BEGIN RECORDS SUPPLIED

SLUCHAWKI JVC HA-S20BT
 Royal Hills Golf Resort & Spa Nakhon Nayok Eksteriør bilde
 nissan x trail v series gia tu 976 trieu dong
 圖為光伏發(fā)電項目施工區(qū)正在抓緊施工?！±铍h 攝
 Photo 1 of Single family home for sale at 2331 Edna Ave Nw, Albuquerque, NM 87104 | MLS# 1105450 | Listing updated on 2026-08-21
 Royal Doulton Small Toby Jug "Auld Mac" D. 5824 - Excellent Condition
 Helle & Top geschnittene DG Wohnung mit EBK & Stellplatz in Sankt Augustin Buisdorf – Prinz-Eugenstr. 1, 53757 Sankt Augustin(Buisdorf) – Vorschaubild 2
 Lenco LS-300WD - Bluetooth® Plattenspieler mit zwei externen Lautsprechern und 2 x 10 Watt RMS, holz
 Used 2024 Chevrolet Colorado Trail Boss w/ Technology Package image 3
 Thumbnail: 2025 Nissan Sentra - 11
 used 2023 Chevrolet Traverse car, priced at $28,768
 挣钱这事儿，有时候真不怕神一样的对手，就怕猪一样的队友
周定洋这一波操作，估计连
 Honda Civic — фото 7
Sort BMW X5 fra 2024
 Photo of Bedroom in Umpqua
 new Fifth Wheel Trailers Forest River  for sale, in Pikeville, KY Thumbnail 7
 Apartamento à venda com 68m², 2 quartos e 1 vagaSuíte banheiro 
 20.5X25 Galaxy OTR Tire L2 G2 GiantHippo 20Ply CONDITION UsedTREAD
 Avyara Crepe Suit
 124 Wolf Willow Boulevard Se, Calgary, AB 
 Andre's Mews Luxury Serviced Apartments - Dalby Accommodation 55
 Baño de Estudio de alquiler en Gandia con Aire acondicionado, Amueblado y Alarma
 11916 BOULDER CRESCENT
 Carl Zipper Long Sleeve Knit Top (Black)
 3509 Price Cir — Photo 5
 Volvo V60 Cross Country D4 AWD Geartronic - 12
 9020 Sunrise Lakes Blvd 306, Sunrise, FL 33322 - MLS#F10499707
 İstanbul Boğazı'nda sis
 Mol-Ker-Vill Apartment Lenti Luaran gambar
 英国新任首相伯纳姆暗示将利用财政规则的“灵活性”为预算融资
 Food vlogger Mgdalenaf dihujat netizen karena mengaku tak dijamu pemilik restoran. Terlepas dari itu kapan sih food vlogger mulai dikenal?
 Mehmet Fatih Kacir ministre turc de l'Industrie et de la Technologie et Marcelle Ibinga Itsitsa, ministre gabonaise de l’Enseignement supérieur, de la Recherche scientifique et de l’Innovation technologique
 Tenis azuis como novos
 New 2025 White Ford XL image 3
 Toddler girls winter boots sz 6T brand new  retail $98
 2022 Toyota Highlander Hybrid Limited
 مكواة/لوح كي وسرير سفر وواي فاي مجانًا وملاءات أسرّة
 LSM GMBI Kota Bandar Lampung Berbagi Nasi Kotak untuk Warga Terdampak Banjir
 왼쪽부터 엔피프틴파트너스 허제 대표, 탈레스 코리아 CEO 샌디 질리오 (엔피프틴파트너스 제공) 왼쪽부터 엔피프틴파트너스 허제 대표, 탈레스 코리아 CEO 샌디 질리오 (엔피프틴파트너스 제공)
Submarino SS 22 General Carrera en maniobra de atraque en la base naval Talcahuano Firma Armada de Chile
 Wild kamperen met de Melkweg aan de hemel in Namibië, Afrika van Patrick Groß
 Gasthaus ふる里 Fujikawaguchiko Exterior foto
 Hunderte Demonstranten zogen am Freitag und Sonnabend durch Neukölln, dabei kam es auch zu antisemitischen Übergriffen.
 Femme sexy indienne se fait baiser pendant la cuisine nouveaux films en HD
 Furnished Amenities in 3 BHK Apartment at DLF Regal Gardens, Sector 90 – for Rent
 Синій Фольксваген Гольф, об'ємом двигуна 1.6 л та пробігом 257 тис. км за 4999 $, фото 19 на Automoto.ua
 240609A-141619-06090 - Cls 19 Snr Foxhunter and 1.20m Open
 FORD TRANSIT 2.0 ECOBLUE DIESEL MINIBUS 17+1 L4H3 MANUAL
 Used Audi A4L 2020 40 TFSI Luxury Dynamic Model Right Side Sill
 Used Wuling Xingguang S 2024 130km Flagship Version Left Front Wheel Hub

END RECORDS SUPPLIED

TASK OBJECTIVE =
Check each line above for the string "Royal", then copy the ones that have it.

WRITTEN SOLUTION =
 Royal Hills Golf Resort & Spa Nakhon Nayok Eksteriør bilde
 Royal Doulton Small Toby Jug "Auld Mac" D. 5824 - Excellent Condition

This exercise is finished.